→ PROMPT
Transcribe nothing but the lines from the one with "Medium Slate Gray" to the end of the entries, both included, keeping each exact and leaving every picture out.

→ WORKING DATA

******

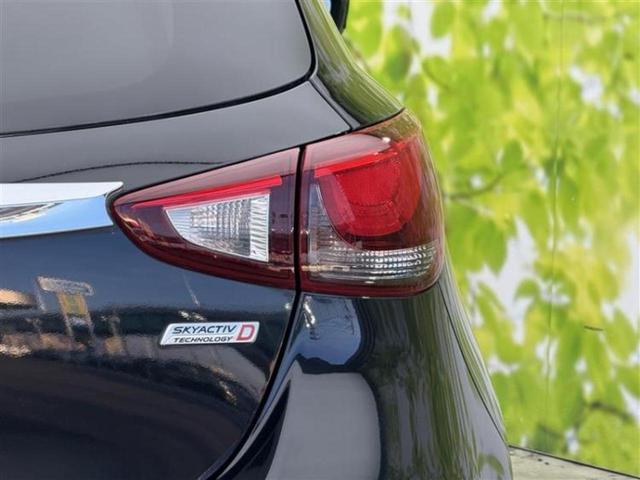 デミオ ＸＤツーリングＬパッケージ　保証書／純正　ＳＤナビ／衝突安全装置／シートヒーター　前席／シート　ハーフレザー／ヘッドランプ　ＬＥＤ／Ｂｌｕｅｔｏｏｔｈ接続／ＥＴＣ／ＥＢＤ付ＡＢＳ／横滑り防止装置／アイドリングストップ　禁煙車（42枚目）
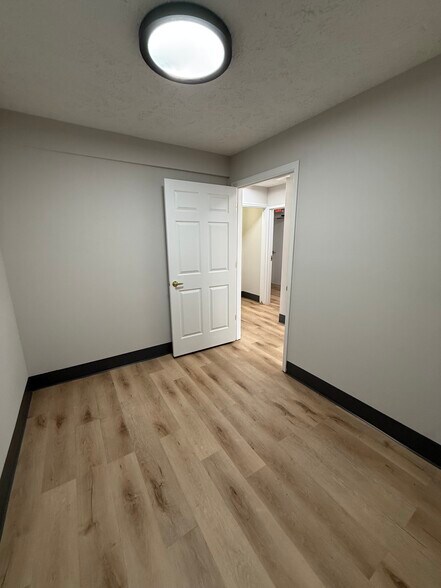More Photos Of 10841 Kingston Pike, Knoxville Freestanding For Lease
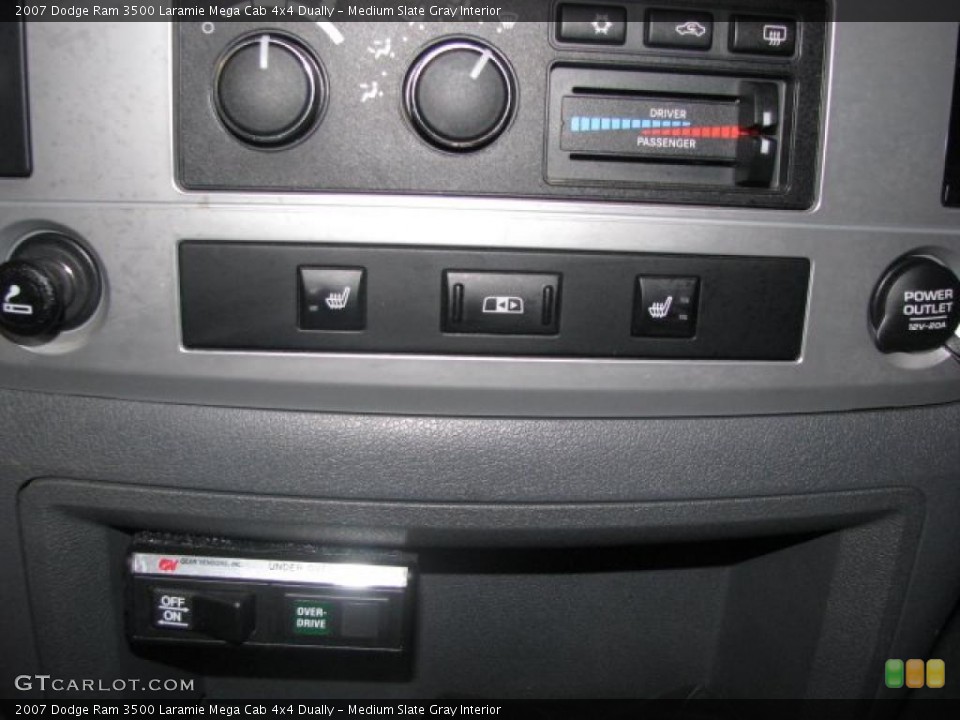 Medium Slate Gray Interior Controls for the 2007 Dodge Ram 3500 Laramie Mega Cab 4x4 Dually #41777625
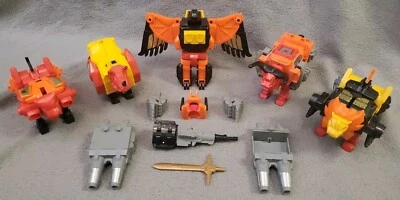 Transformers G1 PREDAKING Combiner Reissue 2004 D-78 Metal Part Variant Predacon - Image 1 of 4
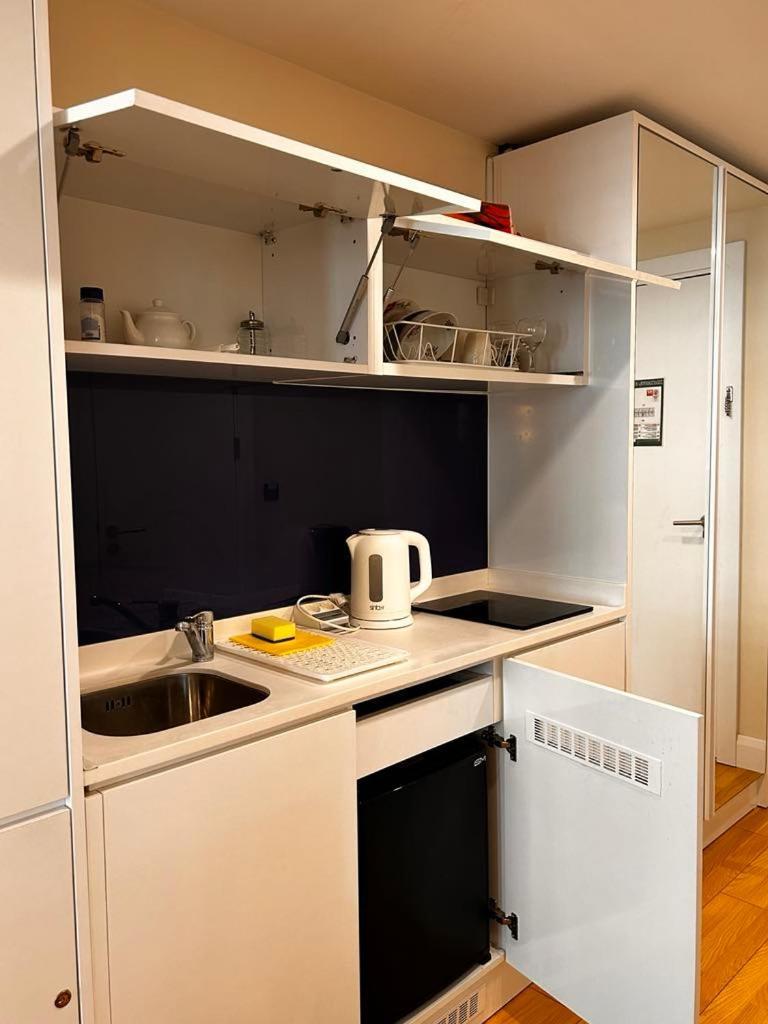 Apartment Twin Towers David Batoumi Extérieur photo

******

→ SOLUTION FOR THIS EXERCISE
 Medium Slate Gray Interior Controls for the 2007 Dodge Ram 3500 Laramie Mega Cab 4x4 Dually #41777625
 Transformers G1 PREDAKING Combiner Reissue 2004 D-78 Metal Part Variant Predacon - Image 1 of 4
 Apartment Twin Towers David Batoumi Extérieur photo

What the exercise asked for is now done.